Print the data verbatim. Leave every image out.

*MATERIAL PROVIDED*:
************

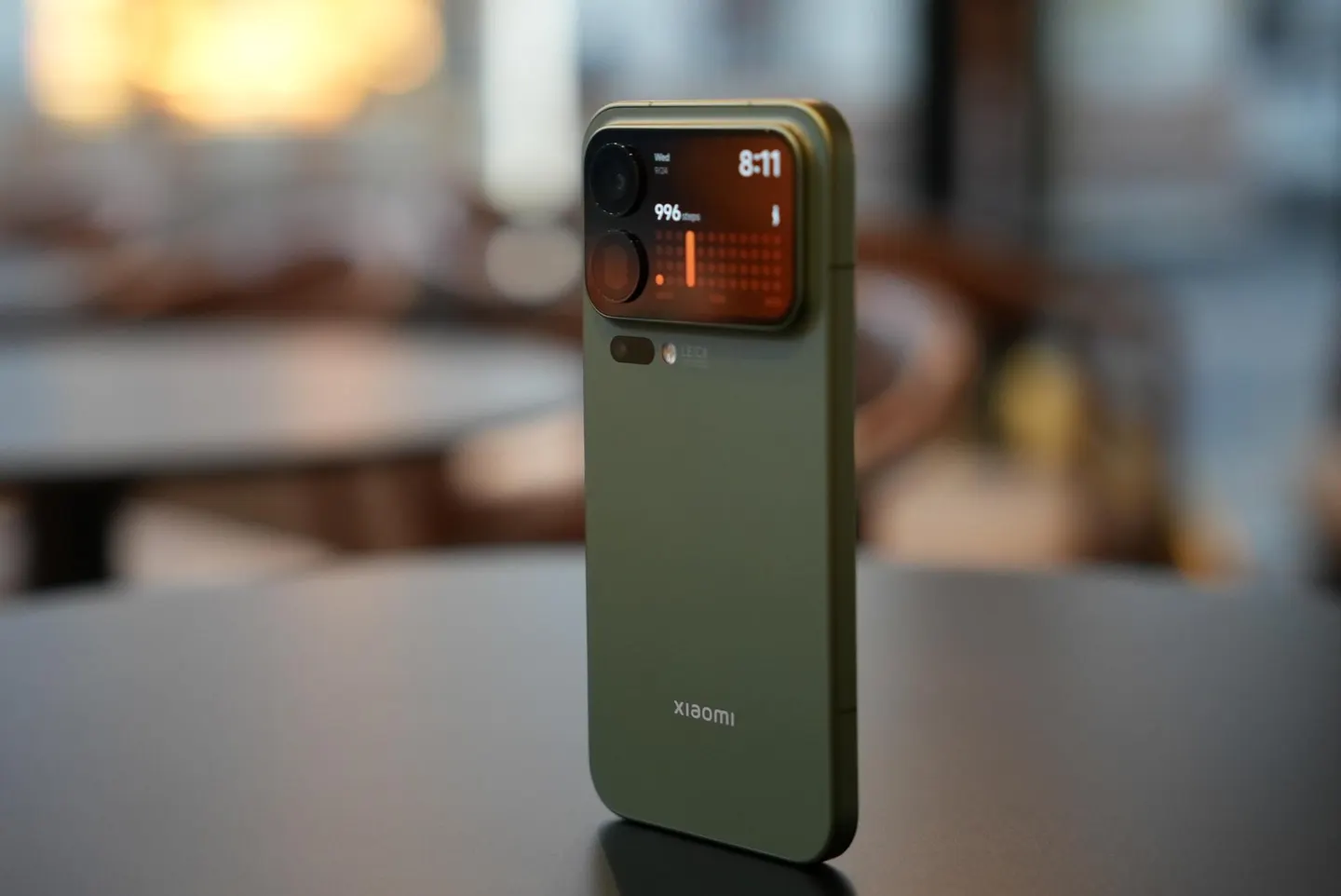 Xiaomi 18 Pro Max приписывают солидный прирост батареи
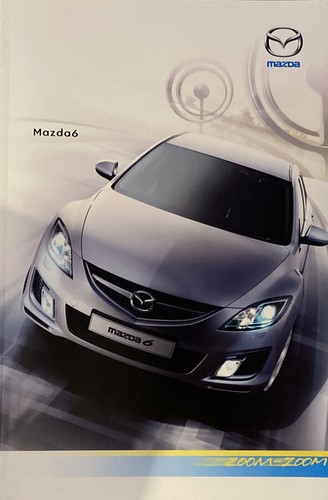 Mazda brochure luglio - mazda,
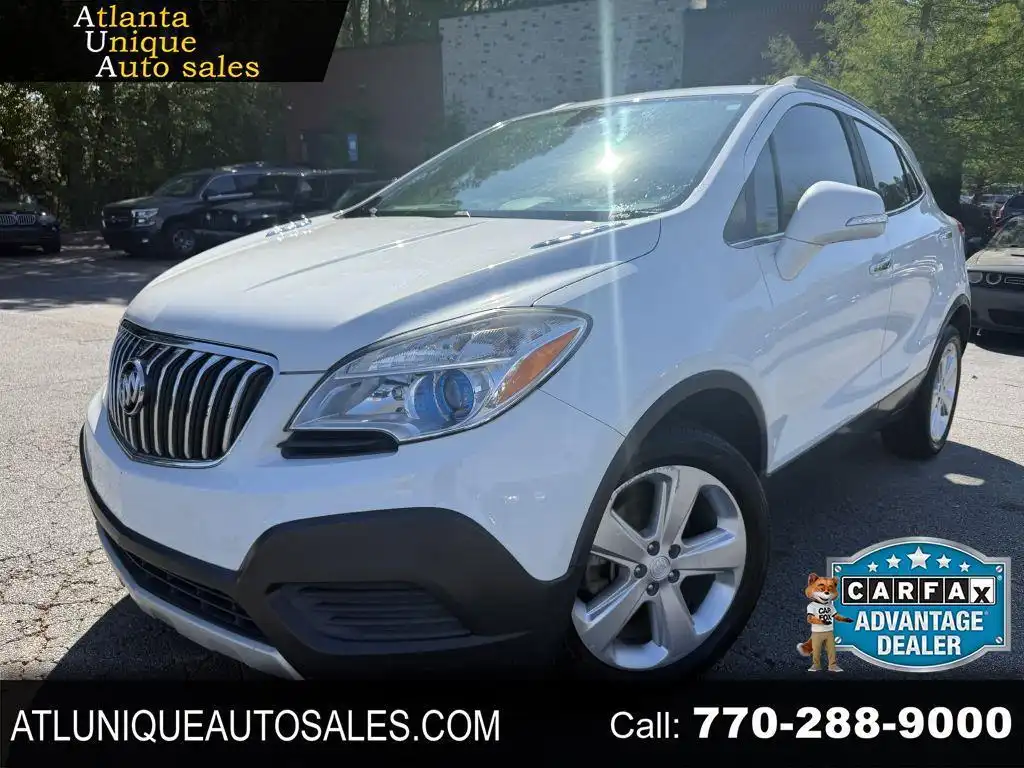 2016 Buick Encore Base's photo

************

*RESPONSE TO THE EXERCISE*:
 Xiaomi 18 Pro Max приписывают солидный прирост батареи
 Mazda brochure luglio - mazda,
 2016 Buick Encore Base's photo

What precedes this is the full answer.